GB-91 a écrit :Jacques a écrit :

Mais le mot final n'existe pas. Il y a un adjectif, mais pas de substantif. Comment peut-on dire au final ?
Il existe un mot, finale, d'origine italienne, avec une tolérance orthographique qui en fait final, et qui désigne, comme je l'ai dit, les derniers accords d'un morceau de musique.
Vous défendez un mot fantôme, un mot qui, s'il existait, serait synonyme de fin. Je ne crois pas à la théorie de l'ellipse, mais à une loufoquerie de journalistes, une de plus.

Soit. Mais alors, par quel mot allez-vous appeler le dernier échange d'un tournoi, d'un championnat, celui qui départage les deux meilleurs pour désigner le premier ? Au lieu de finale, nous devrons dire ultime échange ou dernière épreuve ?
Je ne comprends pas le sens de votre question. Vous me faites dire ce que je n'ai pas dit. Vous n'avez remarqué ni la différence de genre ni la différence d'orthographe. Le dernier match, le dernier échange, c'est la finale et personne ne le conteste. La finale avec un E et de genre féminin.
Le mot qui n'existe pas, le mot fantôme, c'est le final de Cyrano, celui qui est utilisé pour dire au final.
Une finale existe mais pas un final.

J'édite car, Klausinski, vous avez déposé votre commentaire pendant que j'écrivais le mien. Voilà enfin une explication qui tient et se présente de façon logique, raisonnable.

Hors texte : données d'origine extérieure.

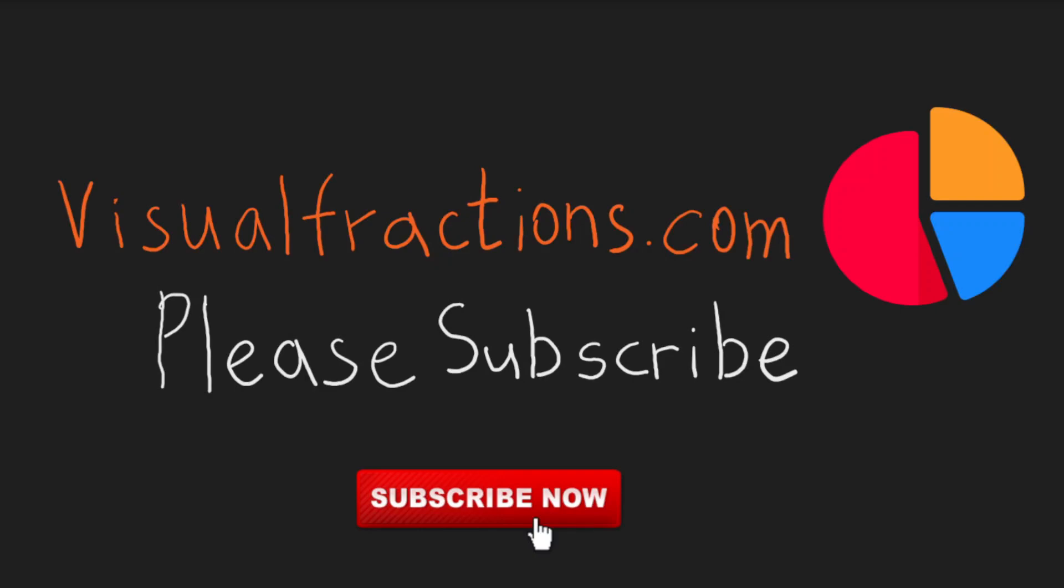Thank you for joining us in understanding the factors of 19. For more fascinating insights into mathematics, keep watching our videos and explore visualfractions.com. And of course, don't forget to hit that subscribe button. Thank you for watching.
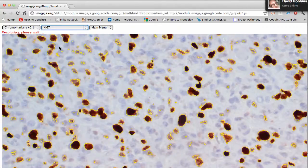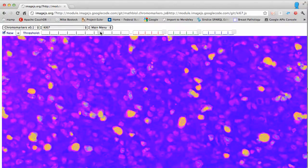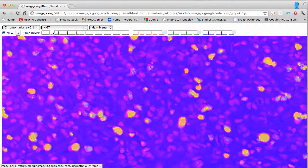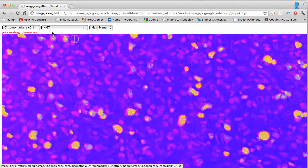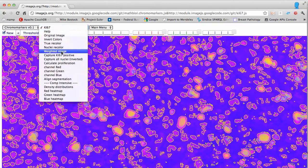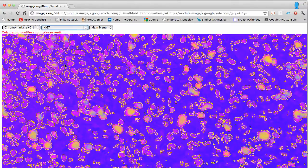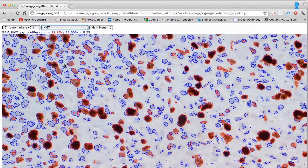Even if the image is clear, use the nuclei recolor operation to separate the nuclei from the background. Choose the background and decrease the threshold. This looks good enough — capture all nuclei. Within less than 30 seconds you are able to calculate proliferation and document this calculation with the original image with the segmented regions highlighted in it.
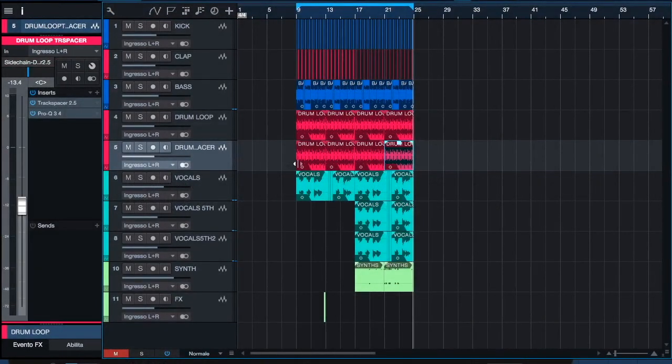Hey guys, welcome to a new episode of Pro Audio Loft. I'm Larry, head engineer of Bigfoot Studios based in Rome. We're a studio that provides mixing, mastering, and production services. Today I will show you the way I utilize a really interesting tool by Waves Factory — it's called Trackspacer. It's a great, beautiful plugin.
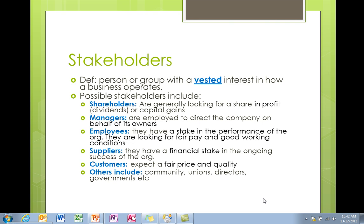Managers are the ones making decisions and ensuring that the business operates in the way that the shareholders want. Employees obviously get the work done, but they have a stake in the business — they want it to survive because without the business they don't have a job, and they're also looking for fair pay and often better working conditions. Suppliers have a financial stake because they receive money from the business for supplying goods or some kind of service. Customers expect a fair price and good quality.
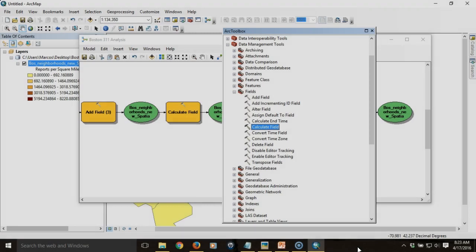This is the fourth video in a series on how to use Model Builder to automate geoprocessing tasks. In this series we're looking at how we can analyze Boston 311 data so we can map it and aggregate it by neighborhood and calculate standardized measures across the neighborhoods of the city.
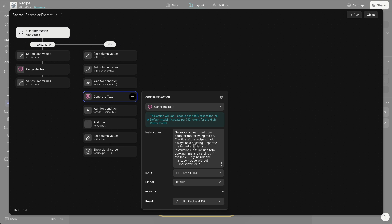And then I'm telling them the title of the recipe should always be a heading. We want them to be bigger. Sometimes what I notice is that it would make the title the same font as the rest of the recipe. So, I tweak this until the recipe is starting to look nice. Then I say separate the ingredients list from the instructions list. Include the total cooking time and servings if available. And only include the markdown code without markdown. Or sometimes when you say generate code, it will encapsulate that code with some unwanted characters or text. So, in this case, I'm making sure that it doesn't do that so I can generate nice, clean markdown code. And markdown is just like a simplified version of HTML that it renders really nicely and clean on web browsers. Okay.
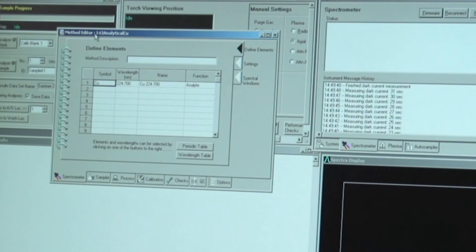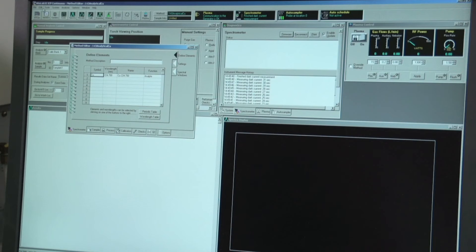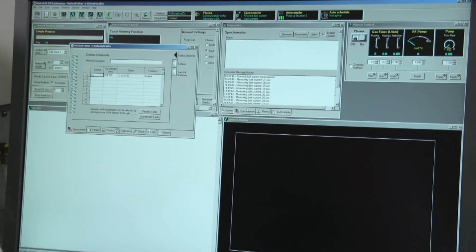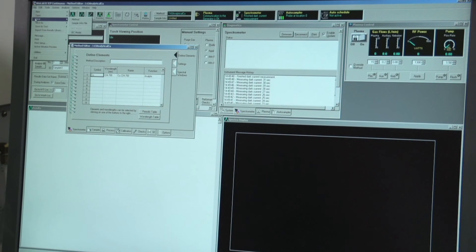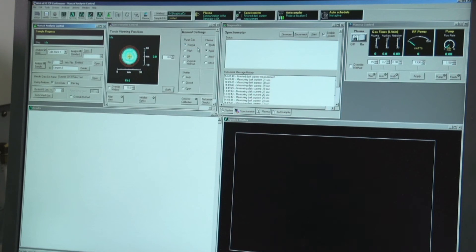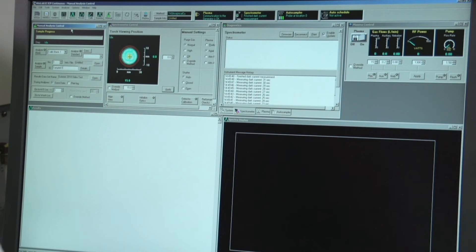Check the method again by going to Edit > Check Method to confirm it is okay. Save the method via File > Save > Method. Before taking the blank sample, flush the line to remove any residual copper solution. Then hit analyze blank. Note that this is the last blank sample you will take for all copper measurements.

J'admettrais volontiers que le terme musical a été sorti de son milieu habituel et s'est introduit dans le langage courant en gardant la même idée de chute, de conclusion ou d'apothéose. Et dans ce cas, on pourrait donc écrire au finale, ce qui serait préférable selon la recommandation de l'Académie.
Si haut qu'on soit placé, on n'est jamais assis que sur son cul (MONTAIGNE).